The brilliantly whitewashed villages and towns of inland Andalusia are called Pueblos Blancos. These are archetypal towns and villages that dot the steep slopes of the mountains, which extend north of Gibraltar. They occupy that part of Andalusia that is between the Atlantic in the west and the Mediterranean extending eastward. One of the most traveled routes through the towns is the road that stretches from Arcos de la Frontera all the way to Ronda in the east.
Many towns have "de la Frontera" as part of their name, an ancient reference to the frontier towns that formed a boundary between Christian-held territories and Muslim towns and villages during the Middle Ages. Although the Catholic troops eventually triumphed, it is often the Moorish influence that makes these towns architecturally interesting, with their labyrinths of narrow, cobblestone streets, their fortress-like walls, and their little whitewashed houses with the characteristic wrought-iron grilles.
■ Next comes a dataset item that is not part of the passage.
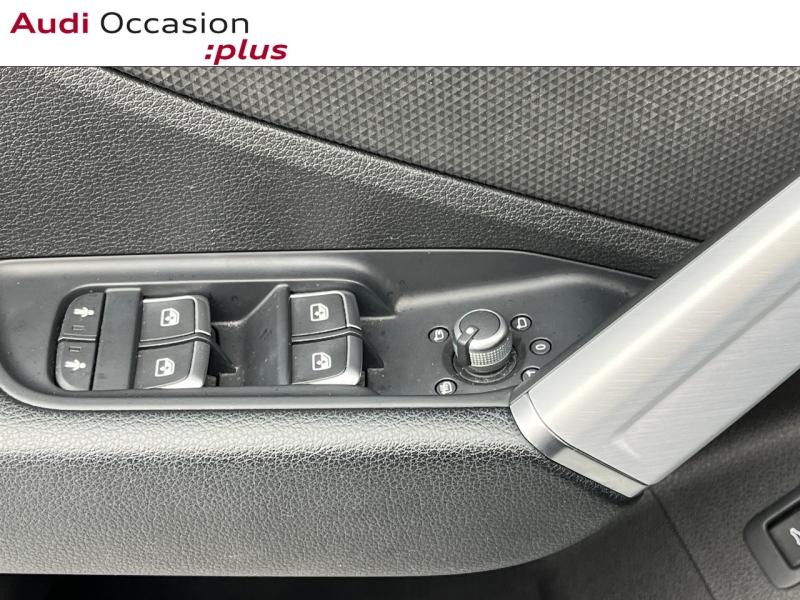 Voitures occasions Audi Q2 S line Plus Orvault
If you take the drive we've outlined below, you'll pass some of the great scenic landscapes of Spain, various thickly wooded areas that are often the home to some rare botanical species, including the Spanish fir, Abies pinsap, which only grows in four locations at more than 1,000m (3,281 ft.). As you drive along you'll approach limestone slopes that might rise as high as 6,640m (5,000 ft.). Castle ruins and old church bell towers also form part of the landscape. For those who have been across the sea to North Africa, much of the landscape of the Pueblos Blancos will evoke Morocco. The white towns sprawl across the provinces of Cádiz and Málaga, east of Seville, which is often the gateway for tours of this landscape.
The ideal time to drive through the Pueblos Blancos is spring, when all the wildflowers in the valleys burst into bloom. Fall is another good time. Allow at least a day for Ronda, covered in detail at the beginning of this chapter. You can pass through the other villages on this tour, admiring the life and the architecture and then moving on. The best hotels and restaurants along the entire stretch of the Pueblos Blancos are found in Ronda and Arcos de la Frontera. Elsewhere accommodations and restaurants are very limited, although we have included some recommendations along the way.
These whitewashed villages are fairly close together, so driving times, as indicated below, are fairly short. From Seville, you can begin your tour by heading to the Pueblos Blancos along A-4, which becomes N-IV. Continue southeast along N-IV until you come to the turnoff for C-343. At this point our first stopover on the tour, Arcos de la Frontera, will be signposted. Follow C-343 south into Arcos de la Frontera. The first part of the tour from Arcos to Ronda can be done in 1 day, with an overnight in Ronda.
The second part of the tour, from Ronda to Jerez de la Frontera in the west, can also be done in a day. However, those with more time can extend this tour to 3 or 4 days. In the towns along the way, we have recommended the best places to stay and dine: If you find a place that enchants you and your schedule allows it, you can stop over rather than pressing on to Ronda.
Arcos de la Frontera
Along with Ronda, this old Arab town is a highlight of the Pueblos Blancos and the center of the best inns along the route. Now a National Historic Monument, Arcos de la Frontera was built in the form of an amphitheater. The major attraction here is the village itself. Wander at leisure and don't worry about skipping a particular monument.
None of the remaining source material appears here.